Write out the records below from the first line through the line containing "Baby Chunky Hoops", leaving out any pictures.
- - -
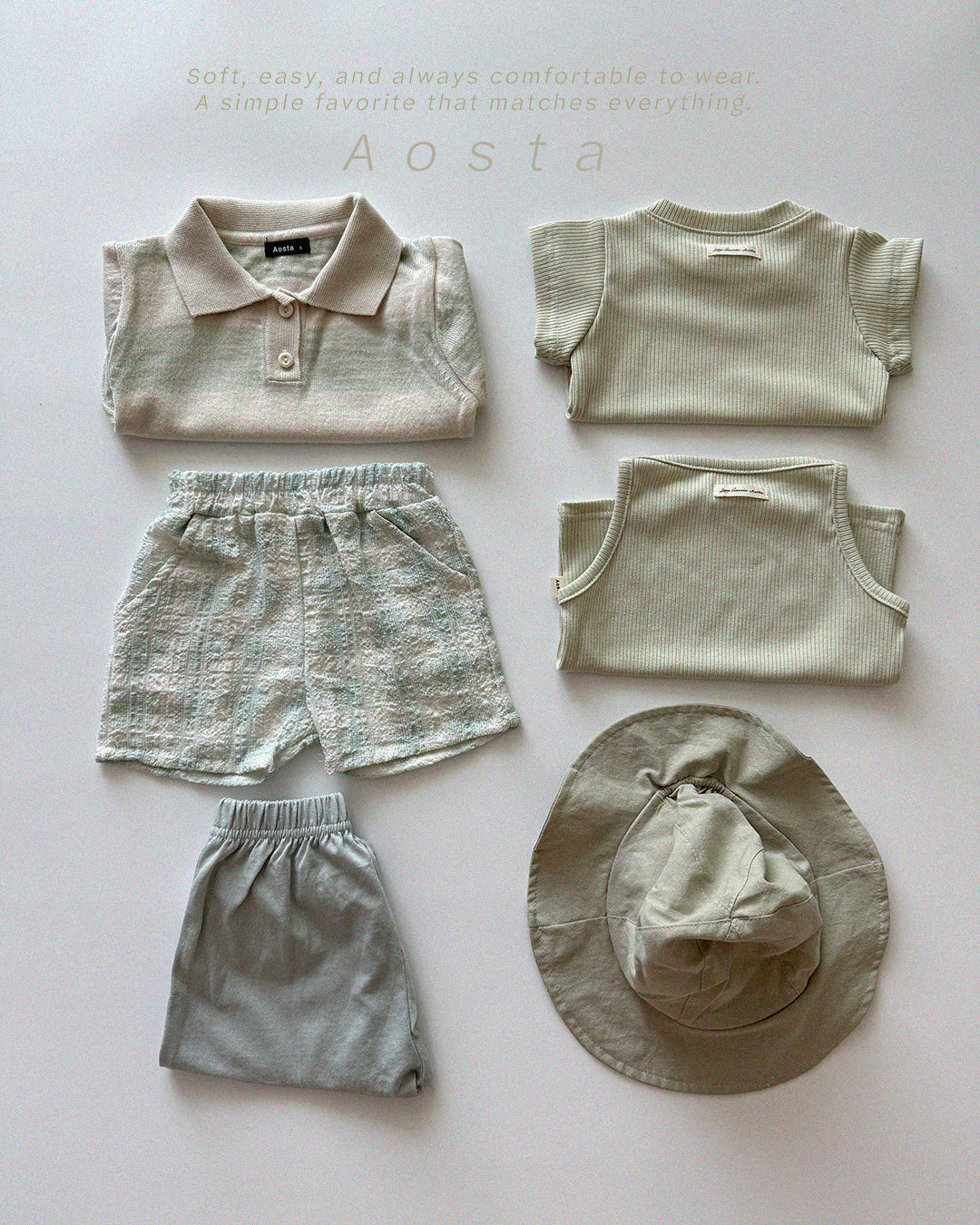 【PREORDER受付終了、ご希望はお問い合わせください。】51.Everyday sleeveless T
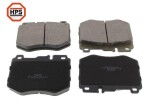 MAPCO Brake Pad Set, disc brake 6036HPS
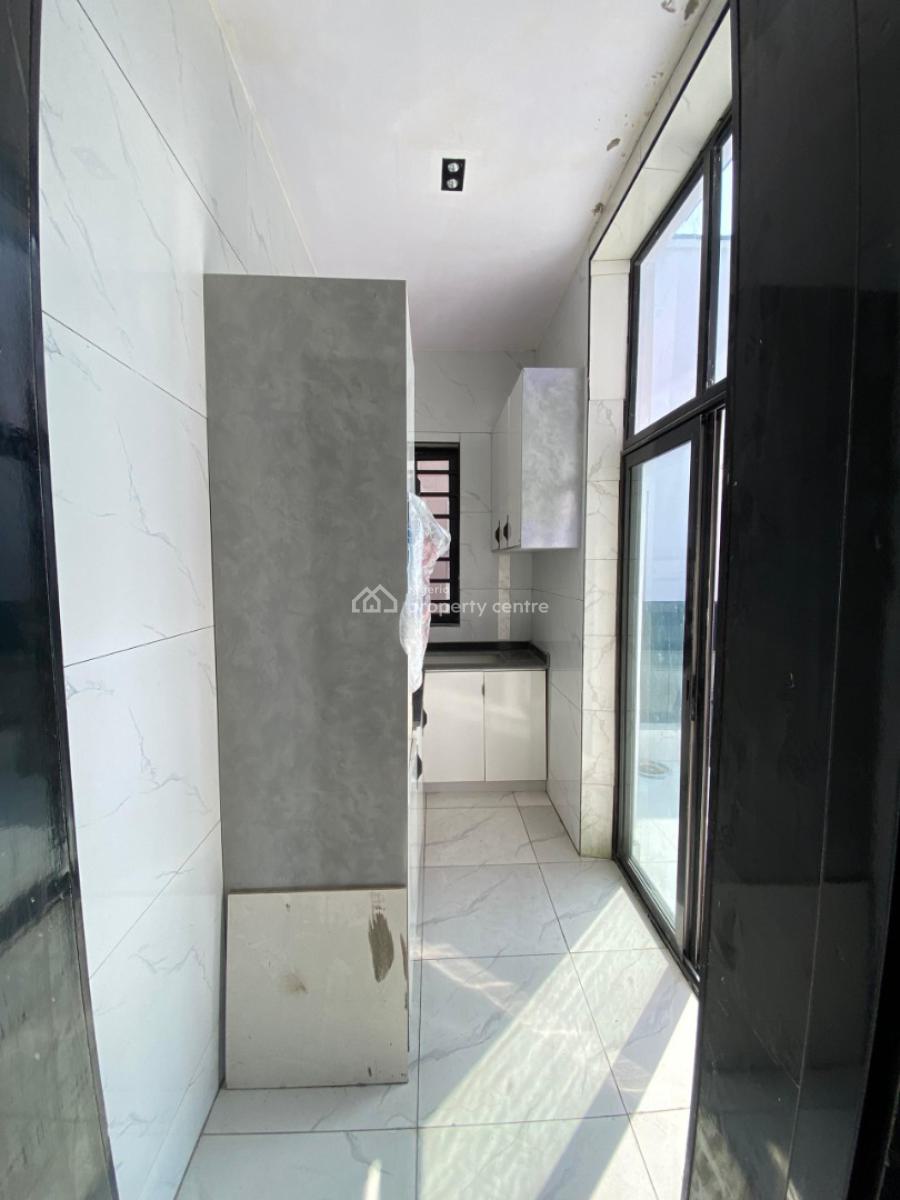 5 Bedroom Fully Detached Duplex with Bq, Cinema, Gym, and Pool, Orchid Road, Lekki Phase 2, Lekki, Lagos, Detached Duplex for Sale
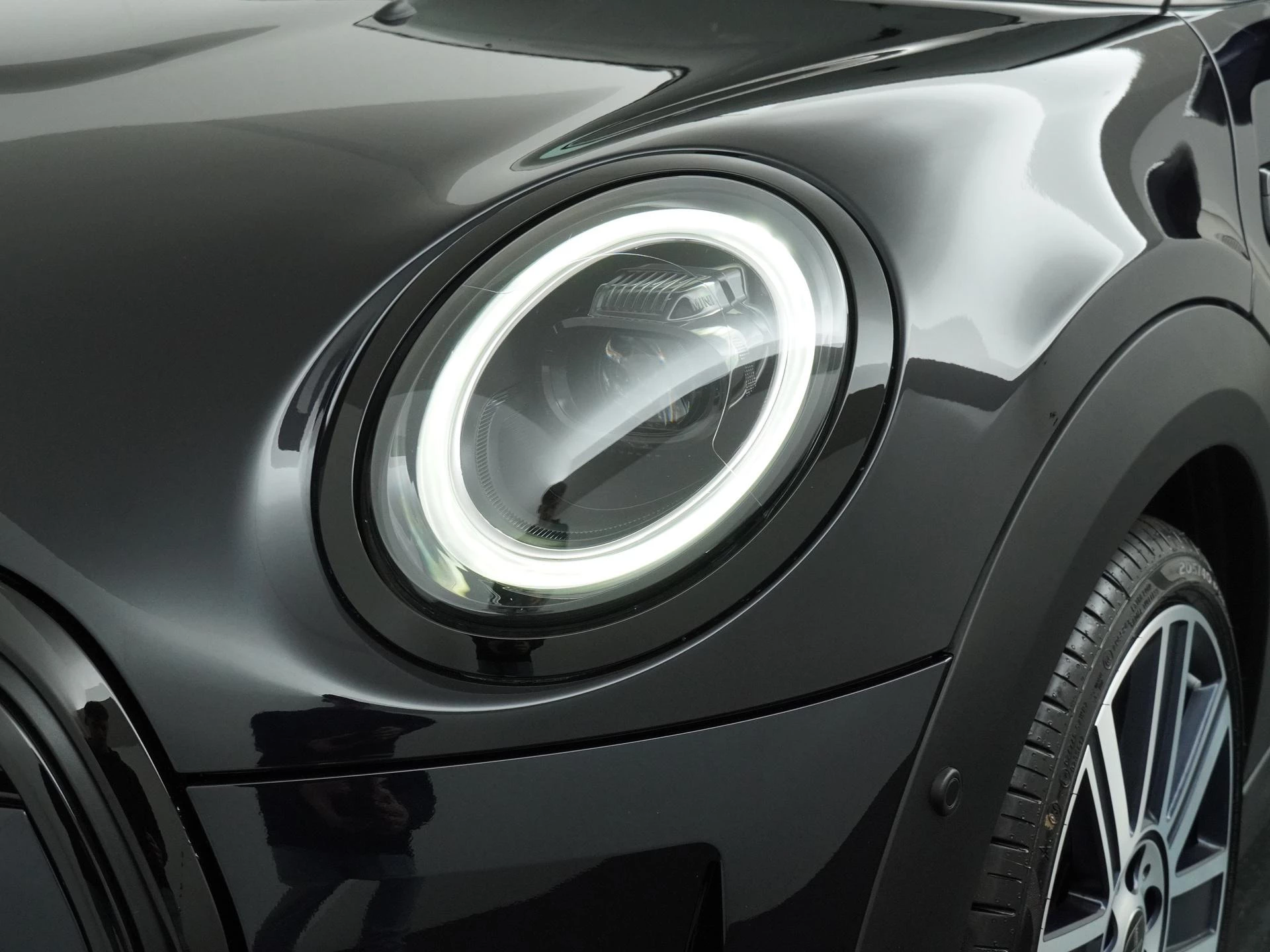 Hoofdafbeelding MINI Cooper Cabrio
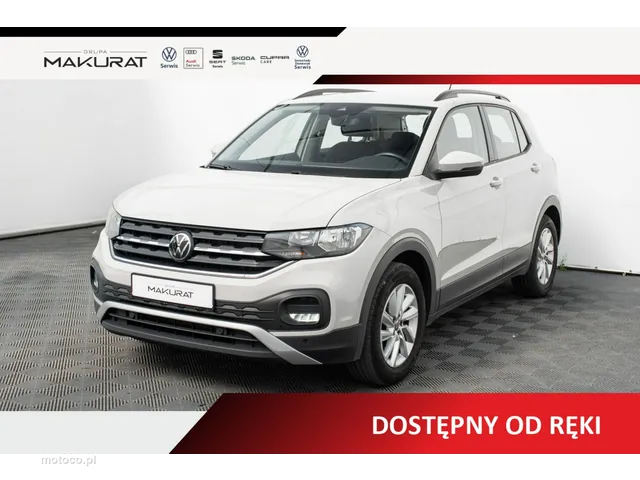 Volkswagen T-Cross C1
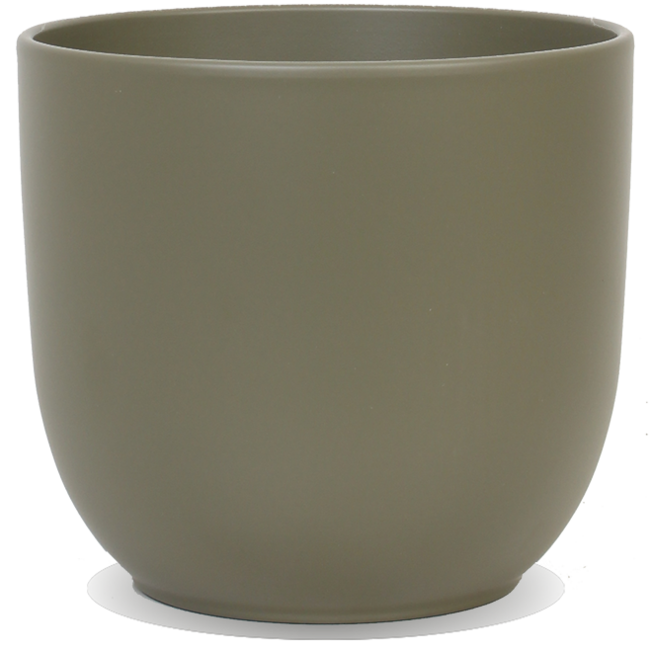 Pot - Boule - Olijf - Ø31cm
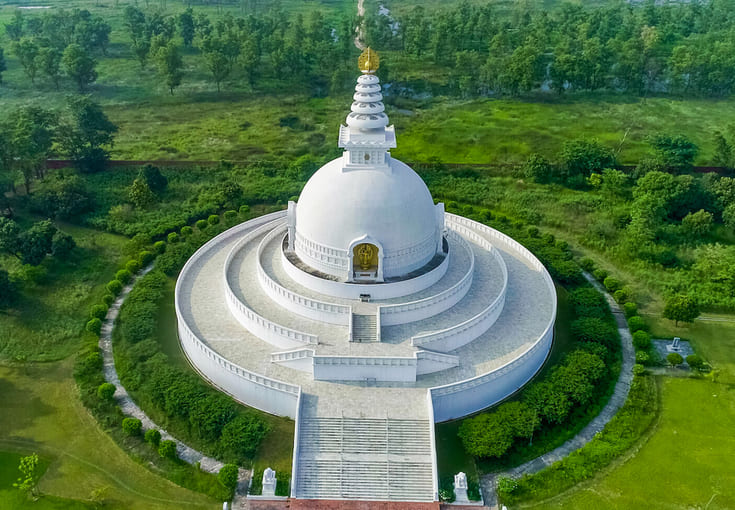 1. LUMBINI – NƠI ĐỨC PHẬT ĐẢN SINH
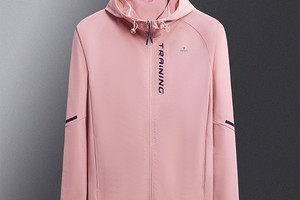 哲壹道 秋季瑜伽防风防水外套跑步宽松运动服女款外套休闲家居运动服外套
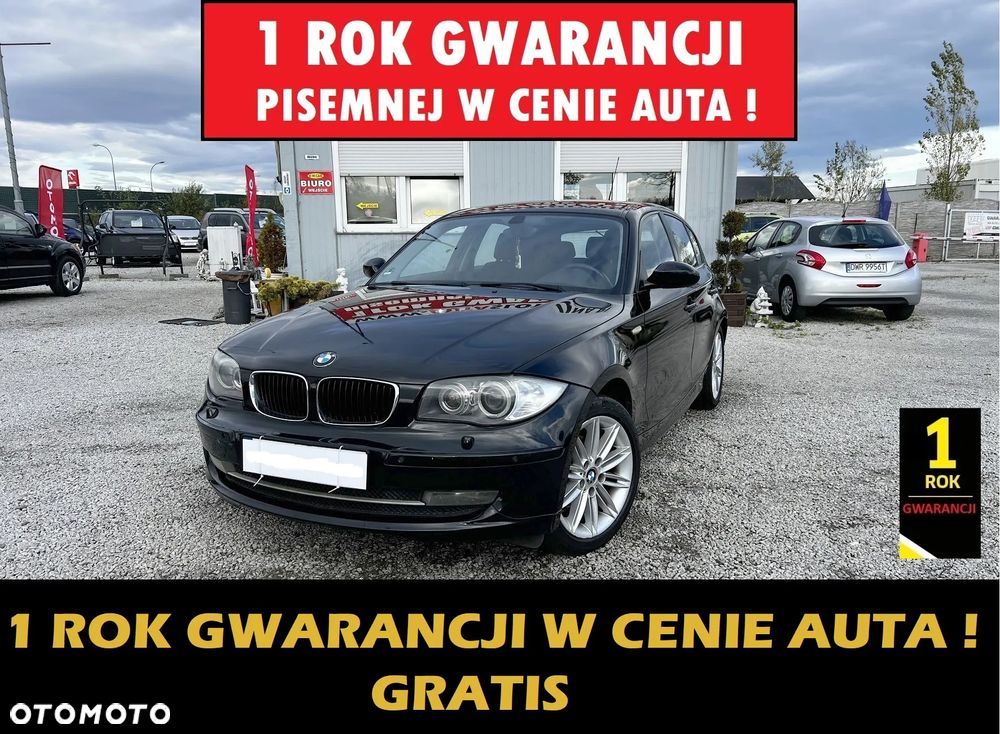 BMW Seria 1 - 1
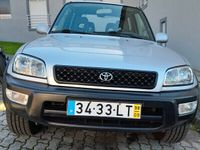 usado Toyota RAV4 Full-time 4x4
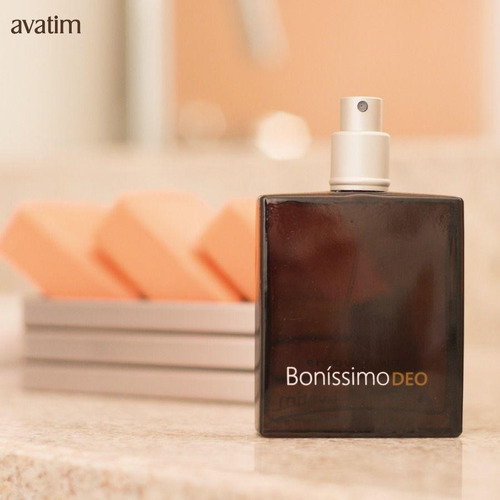 Deo Colônia Boníssimo 100 Ml Avatim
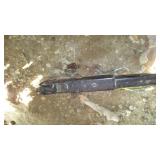 Small Tractor Yard Cart. Blue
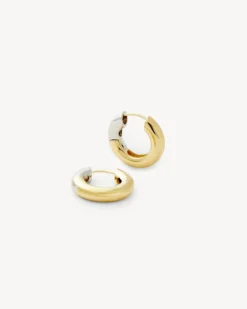 Baby Chunky Hoops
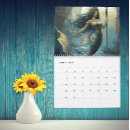 Search for mermaid calendars Fantasy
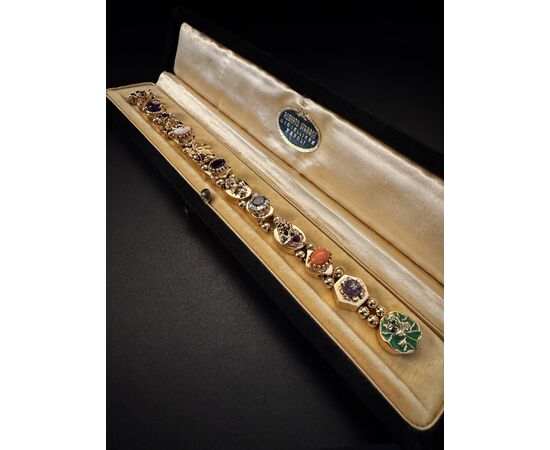 Bracciale   " Slide "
- - -
- [RESPONSE TO THIS TASK]
 【PREORDER受付終了、ご希望はお問い合わせください。】51.Everyday sleeveless T
 MAPCO Brake Pad Set, disc brake 6036HPS
 5 Bedroom Fully Detached Duplex with Bq, Cinema, Gym, and Pool, Orchid Road, Lekki Phase 2, Lekki, Lagos, Detached Duplex for Sale
 Hoofdafbeelding MINI Cooper Cabrio
 Volkswagen T-Cross C1
 Pot - Boule - Olijf - Ø31cm
 1. LUMBINI – NƠI ĐỨC PHẬT ĐẢN SINH
 哲壹道 秋季瑜伽防风防水外套跑步宽松运动服女款外套休闲家居运动服外套
 BMW Seria 1 - 1
 usado Toyota RAV4 Full-time 4x4
 Deo Colônia Boníssimo 100 Ml Avatim
 Small Tractor Yard Cart. Blue
 Baby Chunky Hoops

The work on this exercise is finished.